Updated and adapted for general QOF usage, May 2005 Neil Williams <linux@codehelp.co.uk>
I like this for several reasons:
The problem with automatic reconnect from within the backend is that you don't know quite where to restart... or rather, you have trouble getting to the right place to restart.
You can't just re-login, and reissue the commit. You really need to rewind to the begining of the subroutine. How can you do this?
Alternative 1) wrap the routine and retry three times.
Alternative 2) throw an error, let some much higher layer catch it.
Well, approach 1) seems reasonable... until you think about what happens if three retries doesn't cut it: then you have to throw an error anyway, and hope the higher layer deals with it. So even if you implement 1), you *still* have to implement 2) anyway.

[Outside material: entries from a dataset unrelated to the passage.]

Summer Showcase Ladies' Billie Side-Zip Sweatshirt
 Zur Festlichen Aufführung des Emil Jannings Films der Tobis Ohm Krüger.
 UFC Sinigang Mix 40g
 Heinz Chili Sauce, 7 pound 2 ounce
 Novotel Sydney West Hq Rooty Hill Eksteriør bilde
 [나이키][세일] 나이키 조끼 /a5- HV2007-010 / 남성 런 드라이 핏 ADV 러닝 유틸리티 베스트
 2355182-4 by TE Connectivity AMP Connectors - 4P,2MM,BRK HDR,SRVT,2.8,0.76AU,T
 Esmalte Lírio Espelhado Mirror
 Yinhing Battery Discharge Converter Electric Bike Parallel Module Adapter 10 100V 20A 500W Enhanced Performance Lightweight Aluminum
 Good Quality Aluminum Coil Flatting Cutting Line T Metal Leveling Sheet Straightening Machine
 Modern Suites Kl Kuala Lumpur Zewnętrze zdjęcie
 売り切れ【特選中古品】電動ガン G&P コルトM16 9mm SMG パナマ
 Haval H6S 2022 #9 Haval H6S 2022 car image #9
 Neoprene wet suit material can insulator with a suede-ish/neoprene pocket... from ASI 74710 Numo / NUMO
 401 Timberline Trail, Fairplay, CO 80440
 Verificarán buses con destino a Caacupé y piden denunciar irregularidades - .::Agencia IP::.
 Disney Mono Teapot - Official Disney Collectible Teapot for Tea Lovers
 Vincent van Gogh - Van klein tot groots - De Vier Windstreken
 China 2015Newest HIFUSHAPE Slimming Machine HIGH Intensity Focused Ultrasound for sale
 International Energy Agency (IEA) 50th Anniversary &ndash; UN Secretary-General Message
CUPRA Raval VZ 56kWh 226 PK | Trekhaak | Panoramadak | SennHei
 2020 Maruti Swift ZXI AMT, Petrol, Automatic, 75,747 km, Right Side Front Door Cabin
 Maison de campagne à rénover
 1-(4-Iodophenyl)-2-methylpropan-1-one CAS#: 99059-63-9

So my attitude is to skip doing 1 for now (maybe we can add it later) and just make sure that when we "throw" the error, it really does behave like a throw should behave, and short-cuts its way up to where its caught. The catcher should probably be a few strategic places in the GUI, like wherever a QofQuery() is issued, and wherever an object is edited.
What's the point of doing 2 cleanly? Because I suspect that most network / filesystem errors won't be automatically recoverable. Most likely, either someone tripped over an ethernet cable, or the server crashed or the disc is full and you gotta call the sysadmin on the phone or clear out some files, etc. The goal is not to crash the client when the backend reports an error, but rather let the user continue to work.
We should use the session error mechanism for reporting these errors. Note that the API allows a simple 'try-throw-catch' style error handling in C. Because we don't/can't unwind the stack as a true 'throw' would, we need to make sure that when we "throw" the error, it emulates this as best it can: it short-cuts its way up and out of the engine, to where its caught in the GUI.
If there are a *lot* of places where these calls are issued, simplify things by implementing your own callback mechanism.